Apalagi anggaran PEN tahun 2022 sudah turun dibandingkan tahun sebelumnya yang mencapai Rp 744,77 triliun, masih dikurangi lagi untuk IKN.
Kalau dikatakan pemindahan IKN dengan membangun infrastruktur dasar sebagai bagian dari program PEN, itu sah – sah saja, tetapi yang hendak saya katakan, tetap saja akan membebani APBN.
Berubahnya skema pembiayaan, menyisir anggaran PEN untuk IKN, menjadi indikasi bahwa proyek yang sangat besar, tidak diimbangi dengan perencanaan yang matang. Seakan hanya mengandalkan "wisik". Belum lagi cepatnya pembahasan RUU IKN untuk menjadi UU IKN yang hanya memakan waktu 42 hari, terkesan mengejar target.
Ini tak sejalan dengan pernyataan pemerintah bahwa proyek IKN bukan semata kejar target, bukan asal jadi, bukan meniru cara Bandung Bondowoso.
Jika kemudian muncul kontroversi itulah sejatinya aspirasi. Aspirasi apapun bentuknya, dari manapun datangnya hendaknya disikapi secara bijak. Dengan memahami aspirasi, akan mengetahui secara persis apa yang sedang dan akan terjadi di negeri ini, seperti dikatakan Pak Harmoko dalam kolom “Kopi Pagi” di media ini.
Yang perlu disikapi, jangan kemudian memposisikan bahwa yang mendukung setuju disebut “pro” yang tidak setuju dikatakan “anti” pemerintah.
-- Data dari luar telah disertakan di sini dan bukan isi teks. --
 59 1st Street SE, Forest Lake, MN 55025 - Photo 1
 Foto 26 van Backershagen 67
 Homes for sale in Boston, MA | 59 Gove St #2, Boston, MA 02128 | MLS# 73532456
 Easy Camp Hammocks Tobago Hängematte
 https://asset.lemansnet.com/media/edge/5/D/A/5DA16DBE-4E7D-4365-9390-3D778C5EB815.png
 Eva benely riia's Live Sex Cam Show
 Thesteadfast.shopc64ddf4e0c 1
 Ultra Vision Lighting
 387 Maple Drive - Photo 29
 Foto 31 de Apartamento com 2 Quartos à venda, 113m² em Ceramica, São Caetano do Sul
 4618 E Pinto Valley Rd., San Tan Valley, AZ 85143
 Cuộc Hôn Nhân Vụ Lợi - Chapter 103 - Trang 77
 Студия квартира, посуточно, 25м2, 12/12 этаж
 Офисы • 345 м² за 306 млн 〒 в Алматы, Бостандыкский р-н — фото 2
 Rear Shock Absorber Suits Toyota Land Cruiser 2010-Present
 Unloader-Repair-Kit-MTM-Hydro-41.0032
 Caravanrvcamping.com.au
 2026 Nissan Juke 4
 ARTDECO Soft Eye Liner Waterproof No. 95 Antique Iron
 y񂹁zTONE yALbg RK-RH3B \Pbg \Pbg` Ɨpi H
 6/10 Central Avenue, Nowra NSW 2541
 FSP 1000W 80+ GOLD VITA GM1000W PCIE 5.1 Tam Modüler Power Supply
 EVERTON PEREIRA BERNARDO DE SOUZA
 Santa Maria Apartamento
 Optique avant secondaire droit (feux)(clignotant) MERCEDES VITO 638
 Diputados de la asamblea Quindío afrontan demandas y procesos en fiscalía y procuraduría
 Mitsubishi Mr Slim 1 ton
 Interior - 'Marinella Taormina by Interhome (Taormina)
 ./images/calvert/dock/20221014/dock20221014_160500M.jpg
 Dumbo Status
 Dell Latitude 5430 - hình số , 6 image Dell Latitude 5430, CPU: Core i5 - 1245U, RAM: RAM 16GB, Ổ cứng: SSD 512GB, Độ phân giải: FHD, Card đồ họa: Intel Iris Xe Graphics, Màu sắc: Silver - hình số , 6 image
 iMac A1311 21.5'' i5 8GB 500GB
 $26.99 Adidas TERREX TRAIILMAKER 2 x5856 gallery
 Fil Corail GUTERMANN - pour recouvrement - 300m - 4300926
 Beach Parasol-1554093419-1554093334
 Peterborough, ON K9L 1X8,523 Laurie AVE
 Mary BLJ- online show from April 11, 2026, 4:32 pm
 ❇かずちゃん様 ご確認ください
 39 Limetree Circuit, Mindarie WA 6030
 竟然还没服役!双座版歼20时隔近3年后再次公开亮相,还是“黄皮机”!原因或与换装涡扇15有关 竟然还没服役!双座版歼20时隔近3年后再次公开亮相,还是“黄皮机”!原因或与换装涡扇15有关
Jika stigma ini yang dibangun tak ubahnya membangun komunikasi kontradiksi, bukan harmonisasi, sebuah situasi yang sangat dibutuhkan sekarang ini.
Pitutur luhur mengajarkan “ojo grusa – grusu”, “ojo kesusu”, jangan gegabah, jangan terburu – buru karena perbuatan yang tergesa – gesa hasilnya tidak akan sempurna. Apalagi kalau “Mung mburu napsu” didasari atas kesenangan semata. (Azisoko*)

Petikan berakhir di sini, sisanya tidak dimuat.